When he joined the Broncos on a scholarship whilst attending St Brendan's College in Yeppoon Taylor would regularly travel down to Brisbane for camps and astound fellow attendees with his food intake.

"Every time he'd come we'd have to wait for Dave and have extra food on the table," remembers current Broncos skipper Darius Boyd, who debuted in the same year as Taylor in 2006.

"He'd always be eating way more than he probably should have been but he was just a beast. He's a guy that has a six-pack and weighs 125 kilos; he's just a freak of nature."

Broncos half Ben Hunt was a teammate of Taylor's in schoolboy footy with St Brendan's and said it was hard to pull an enormous front-rower into line who would more often than not pull off whatever ridiculous skill he was in the mood to try that day.

"He could probably run over anyone he wanted to at school but he tried to chip-chase over them, throw cut-out passes," Hunt recalled.

"Sometimes he was the best player in the world to play with at school and the next week you'd be cursing him for throwing passes over the sideline.

"Back then I didn't really want to yell at him too many times because of the size that he was but you had to pull him into line sometimes.

"Half the things he did he was pulling off. He'd chip-case and regather, he was just a really good talent and backed his ability at school."

All three Broncos speak of Taylor in affectionate tones and as fans we are fascinated the now 28-year-old not purely because of the extraordinary physical gifts he was born with but by the child-like way he approaches his footy.

In the professional era Taylor treats training and high-pressure NRL contests like they are pick-up games with his mates after school where an intercept or three-man cut-out pass is infinitely more interesting than getting to the end of a mythical set.

As coaches such as Wayne Bennett, Michael Maguire, John Cartwright and Neil Henry spoke to Taylor about something serious such as defence during a training session, you could see 'Big Dave' thinking about potting a field goal from halfway as soon as they finished saying whatever it was they were talking about.

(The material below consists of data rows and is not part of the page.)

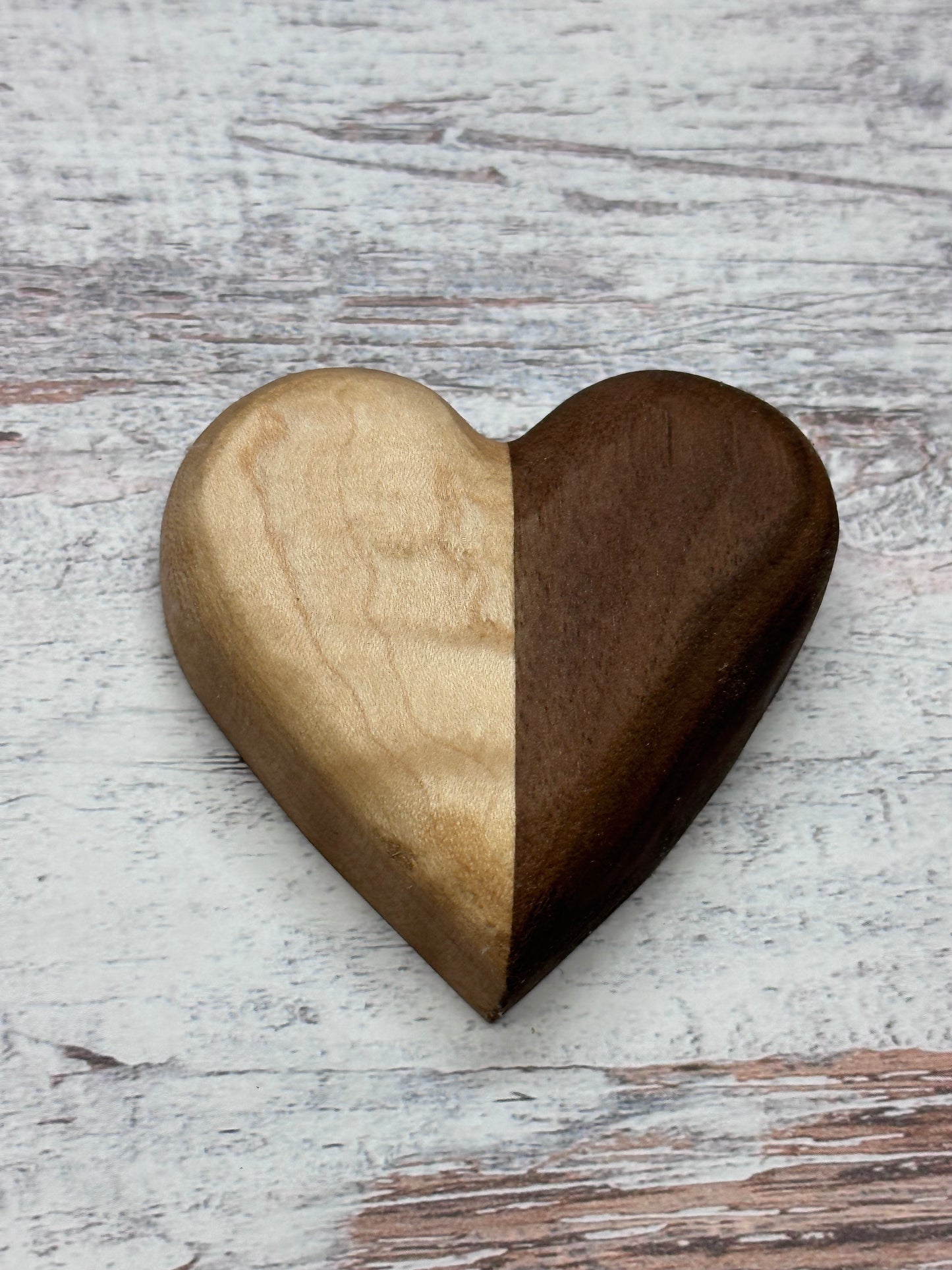 Heart magnets
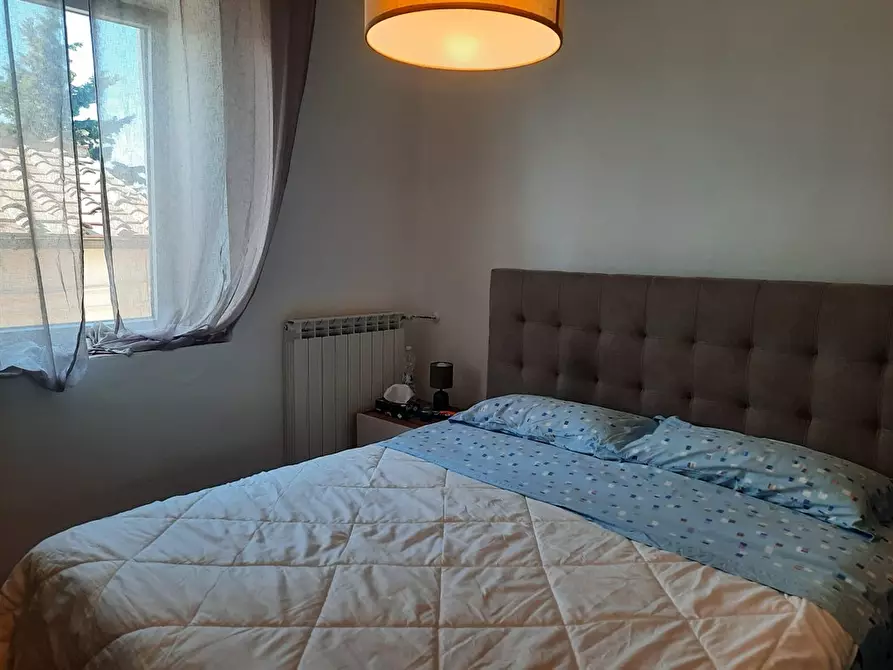 Immagine 2 di Casa semindipendente in vendita  in Via Della torre a Rosignano Marittimo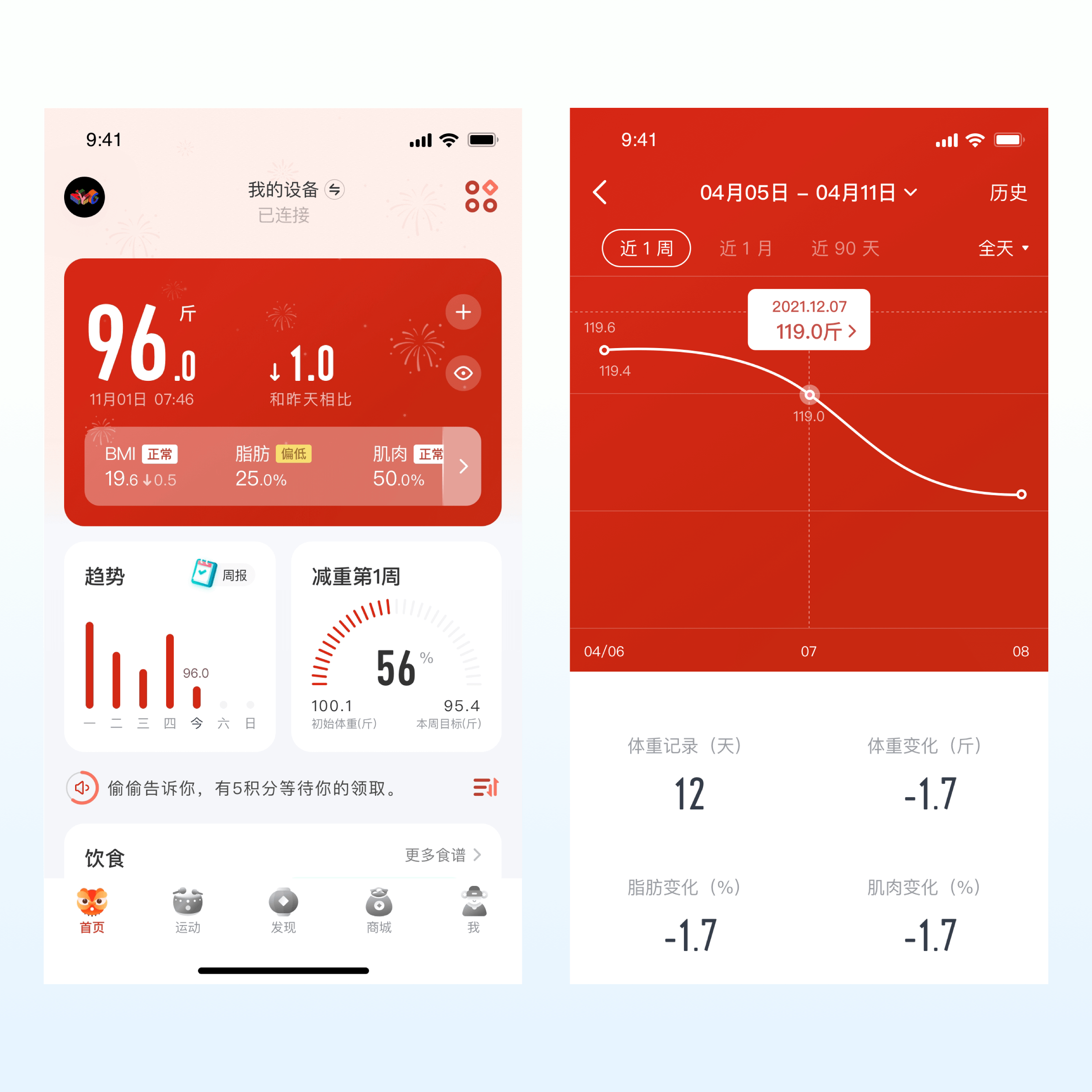 龙年主题皮肤30天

And when they did, he'd turn around and kick a towering drop goal from almost any point on the field.

His return to the NRL with the Raiders last Sunday garnered widespread interest because of the enigma that he is and when he plays at Suncorp Stadium against the Broncos on Friday night it will be just shy of 11 years since he first entered the NRL with Brisbane as a 17-year-old in 2006.

After stints with Brisbane, South Sydney and Gold Coast Taylor's NRL tenure appeared over when he signed with Super League's Catalans Dragons for the 2016 season and any return to top flight footy seemed even less likely when he was released by the French club one year into a two-year deal.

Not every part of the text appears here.